Kommission versäumt Folgenabschätzung

Bis 2016 hatte Frontex eher eine koordinierende und unterstützende Funktion für den Grenzschutz durch die EU-Mitgliedstaaten. In Zukunft sollen die Frontex-Beamten stärker operativ eingesetzt werden. Bislang gibt es dafür aber noch nicht den EU-Rechtsrahmen. Kritisiert wird vom Rechnungshof zudem, dass die Ausweitung von Personal, Etat und Aufgaben beschlossen wurde, ohne dass die Kommission zuvor eine Folgenabschätzung vorgenommen hat.
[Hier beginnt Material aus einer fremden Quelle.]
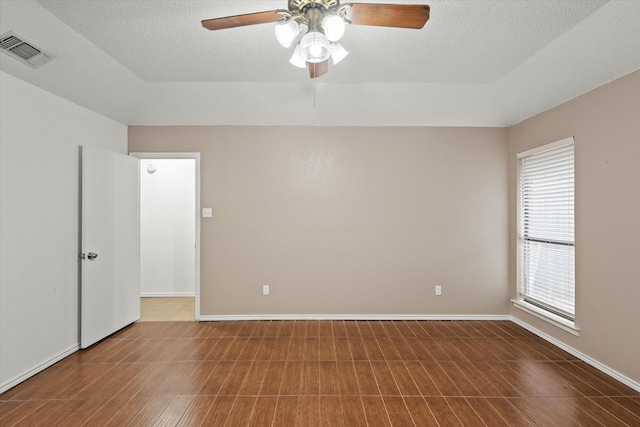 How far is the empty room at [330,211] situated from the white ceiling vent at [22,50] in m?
0.02

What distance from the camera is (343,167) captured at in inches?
169

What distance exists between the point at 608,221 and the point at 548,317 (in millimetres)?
1226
In der Vergangenheit hatten vor allem Journalisten die mangelnde Informationsbereitschaft von Frontex kritisiert. Mangelnde Transparenz rügt nun auch der Rechnungshof: Weder lege die EU-Grenzschutz-Truppe zufriedenstellend Rechenschaft über die Auswirkungen ihrer Tätigkeiten noch über die entstandenen Kosten ab. „Mit der Begründung, dass die endgültigen Daten erst zwei Jahre später vorliegen, veröffentlicht Frontex nur Kosten, die auf Schätzungen beruhen und erheblich von den tatsächlichen Kosten abweichen“, heißt es im Bericht des Maltesers.